Dorai had to find a house for the family. One of his classmate’s father helped him, to secure a house on low rent. When the family arrived, he left the orphanage to join them. But he was shocked when his mother asked, ‘Why did you to leave the orphanage?’
The instance left Dorai in such a state, he could not concentrate on his studies. He secured just E.P.S (Eligible for Public Services) in his S.S.L.C Examination.
As an elder brother, Dorai felt the responsibility, to help his younger ones to study and comp up. He worked in a factory, and handed over his income to his mother. His younger brother became an Ayurvedic doctor, and enjoyed the status of the head of the family.
Dorai’s participation in Quit India movement, and imprisonment being a freedom fighter, was used as a pretext to throw him out the family. His jail life made him realize his talents, which brought many friends around him. A training in a Gandhian camp enabled him to work for the aboriginal tribes in a forest, and Dorai became a married man with two children. He had to return to city-life, in the interest of his children’s education.

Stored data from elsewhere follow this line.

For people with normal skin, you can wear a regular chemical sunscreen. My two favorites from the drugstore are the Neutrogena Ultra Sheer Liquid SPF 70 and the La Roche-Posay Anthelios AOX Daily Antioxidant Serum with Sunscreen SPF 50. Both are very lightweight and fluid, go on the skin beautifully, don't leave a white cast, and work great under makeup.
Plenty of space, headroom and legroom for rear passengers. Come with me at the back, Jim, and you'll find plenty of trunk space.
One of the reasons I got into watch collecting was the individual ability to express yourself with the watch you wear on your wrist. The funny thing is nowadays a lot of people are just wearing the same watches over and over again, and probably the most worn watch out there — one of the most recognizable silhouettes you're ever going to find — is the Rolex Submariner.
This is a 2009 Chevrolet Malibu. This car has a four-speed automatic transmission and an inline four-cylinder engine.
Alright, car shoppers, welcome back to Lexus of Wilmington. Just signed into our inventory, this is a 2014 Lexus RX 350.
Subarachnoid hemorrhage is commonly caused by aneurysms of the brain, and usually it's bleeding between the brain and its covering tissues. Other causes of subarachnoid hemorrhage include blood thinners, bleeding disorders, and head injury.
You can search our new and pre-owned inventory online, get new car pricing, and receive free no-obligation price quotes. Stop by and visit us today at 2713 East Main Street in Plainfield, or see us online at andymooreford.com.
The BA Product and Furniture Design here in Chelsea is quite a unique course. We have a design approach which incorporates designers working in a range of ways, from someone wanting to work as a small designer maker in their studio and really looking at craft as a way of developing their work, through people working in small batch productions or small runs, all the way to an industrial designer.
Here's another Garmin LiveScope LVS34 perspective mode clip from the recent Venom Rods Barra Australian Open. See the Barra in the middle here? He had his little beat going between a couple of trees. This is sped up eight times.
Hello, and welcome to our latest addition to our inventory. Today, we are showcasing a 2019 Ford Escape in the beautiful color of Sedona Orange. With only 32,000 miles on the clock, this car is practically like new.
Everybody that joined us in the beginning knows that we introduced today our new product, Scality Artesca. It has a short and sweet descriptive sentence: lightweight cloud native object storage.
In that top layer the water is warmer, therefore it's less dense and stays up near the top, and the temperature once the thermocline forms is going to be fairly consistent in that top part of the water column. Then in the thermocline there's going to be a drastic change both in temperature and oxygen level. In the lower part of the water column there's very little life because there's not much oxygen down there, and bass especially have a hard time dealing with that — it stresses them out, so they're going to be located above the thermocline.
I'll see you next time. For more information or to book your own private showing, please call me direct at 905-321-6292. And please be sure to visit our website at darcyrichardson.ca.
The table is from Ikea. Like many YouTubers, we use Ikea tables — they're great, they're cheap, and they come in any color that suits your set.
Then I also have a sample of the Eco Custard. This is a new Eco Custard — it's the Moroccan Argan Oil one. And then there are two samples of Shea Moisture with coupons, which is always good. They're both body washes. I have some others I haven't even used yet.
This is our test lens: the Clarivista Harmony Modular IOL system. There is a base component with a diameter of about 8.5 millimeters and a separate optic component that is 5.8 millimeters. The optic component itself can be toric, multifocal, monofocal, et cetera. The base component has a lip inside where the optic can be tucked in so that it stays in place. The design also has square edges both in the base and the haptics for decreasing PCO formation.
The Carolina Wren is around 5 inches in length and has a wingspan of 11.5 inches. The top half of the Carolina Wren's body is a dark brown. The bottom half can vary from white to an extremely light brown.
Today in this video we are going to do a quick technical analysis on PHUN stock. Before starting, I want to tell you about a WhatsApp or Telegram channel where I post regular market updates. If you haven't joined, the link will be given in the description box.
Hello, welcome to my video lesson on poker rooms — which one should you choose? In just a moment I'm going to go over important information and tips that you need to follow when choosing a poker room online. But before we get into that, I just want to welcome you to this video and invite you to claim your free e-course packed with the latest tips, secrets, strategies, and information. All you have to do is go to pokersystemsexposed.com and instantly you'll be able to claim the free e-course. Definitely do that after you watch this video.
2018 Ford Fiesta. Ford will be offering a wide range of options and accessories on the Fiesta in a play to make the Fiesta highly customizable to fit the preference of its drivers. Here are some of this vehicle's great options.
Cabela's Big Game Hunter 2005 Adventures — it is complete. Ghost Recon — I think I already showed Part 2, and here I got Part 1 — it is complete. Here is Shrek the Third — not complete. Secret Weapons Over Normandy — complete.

When he was working for the welfare of forest dwellers, Dorai’s youngest brother came in search of him with a complaint, that the doctor brother obtained the signatures of all his father’s children except that of Dorai, and sold the wet land. This youngest brother wanted Dorai to go to the court and get the sale deed nullified, as the doctor collected the sale amount and deposited it in his own account, in a bank.
Dorai was not interested in property matters. He only admired the skills of the doctor brother, in becoming a big man. When Dorai was working in a city, he received a letter from his doctor brother, saying that his mother passed away a month ago, and it was her wish not to inform him about her death and last rites. The unwritten information that the letter conveyed was that, Dorai was barred from all kinds of family activities.
The latent life skills helped Dorai not only to bring up his children, but also to help himself improve his educational qualifications. He is now a very useful person in the field of social activities.
The cleverness with which the family friend of Dorai grabbed the property of the lady in distress, is not at all the Life Skill. It is just an out-right robbery. How Dorai overcame all the adversities and became a useful man to the society is because of his Life Skills.
An article in Readers Digest gives a bright example of Life Skills. The parents of a young software expert expressed their desire to use modern technology in place of costly phone calls. They were very slow to understand the simplest thing in using a computer. But the young man’s patience helped them to be able to send e-mails today. Life Skills have bridged Generation Gap.
India is gifted with great politicians, industrialists, traders, scientists, technicians, thinkers, writers, police and army who have made the country proud with their Life Skill.
We can proudly mention the name of Magsaysay award winner Harish Hande, founder of Solar Light Private Ltd., a social enterprise, which lights poor homes that run without electricity. He wants to use the award for students who want to pursue good sustainable energy project but are not able to do it. His Life Skill give him joy in making others happy.